More importantly, the user can select any brand point on the scatterplot to see the visual representation of an association strength between a brand and all of its characteristics.

Misconception 2: People think that they have a complete view of the data

The scatterplot presents a two-dimensional view of the data (each axis i.e. x or y represents a dimension) and the combination of these two axes gives a data point a coordinate on the chart. Often each data point can be located on multiple axes and therefore, the view you see on a scatterplot is generally a simplified one. The two-dimensional view you see ‘explains’ the majority of patterns and variance in the data itself, but there are often more dimensions that can be used to compare data points. 

Nevertheless, Correspondence Analysis is only a statistical model – meaning there is a degree of error as it does not account for 100% of the actual variance in the data. Only the most important patterns in the data are shown and for this reason, some variances’ may be omitted. This is a factor that users are not always aware of.

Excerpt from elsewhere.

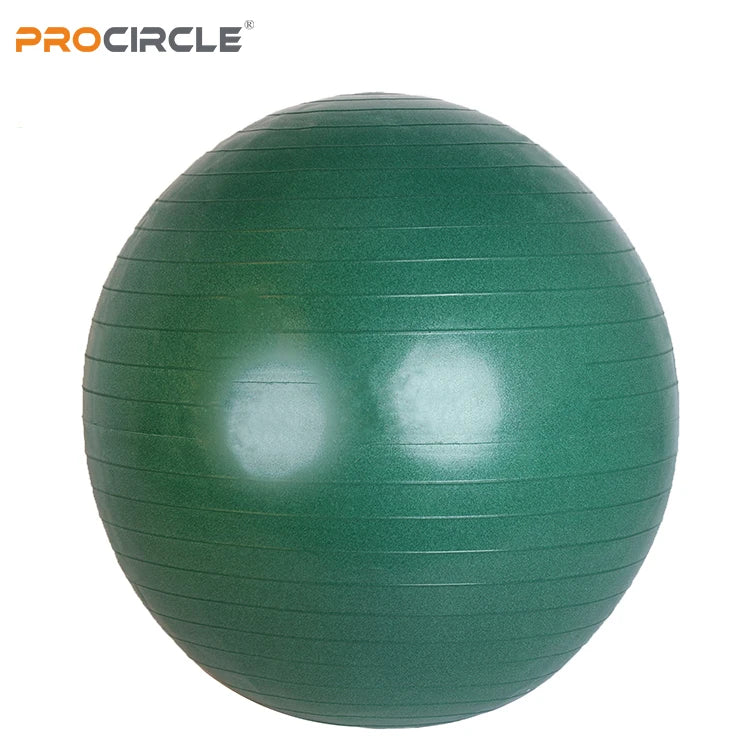 Customized Thick Exercise Non-slip Pvc Yoga Balance Ball for Workout Fitness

Resolution: In mTab, the user can look into the data from a different perspective and enhance the interpretation of the scatter or moon plot with the values from heatmaps and line charts. This is a more comprehensive approach and makes it easier to see ‘the whole picture’ – users are informed about the quality of the statistical model in the footnote.

Misconception 3: People mistake different types of scores (e.g. the raw score vs the association value)

While looking at the ‘residual table’ the user may be mistaken about values of characteristics. For instance, if characteristic “A” has the strongest association with the “main brand”, it doesn’t necessarily mean that this characteristic has the highest raw score. There may be another characteristic with a higher raw score, for example, “B”, but “B” may have a lower association score with the “main brand”. 

How does this happen? The score for “A” could be low for every other brand except the “main brand” showing that there are large differences between the scores. The score for “B” might be high across all brands and therefore showing little difference between the scores. The result is that “A” would have a higher association with the “main brand” compared to “B”, but “B” would still maintain the higher raw score.

Often when people are looking at the results of a Correspondence Analysis they are not aware of this, and for that reason, it makes it harder to read the chart.

Resolution: In mTab the user can freely switch between the raw score and association scores, helping them to understand the meaning of both types of data. To make the visualization clear to the average user we also explain “association” using information bubbles to make it accessible to everyone. This provides users with a powerful statistical tool which is not normally available to apply more generally across the business. 

And finally, the mtab heat map allows the user to gain a full understanding of Correspondence Analysis, as it clearly explains the meaning of the “association” between your data points.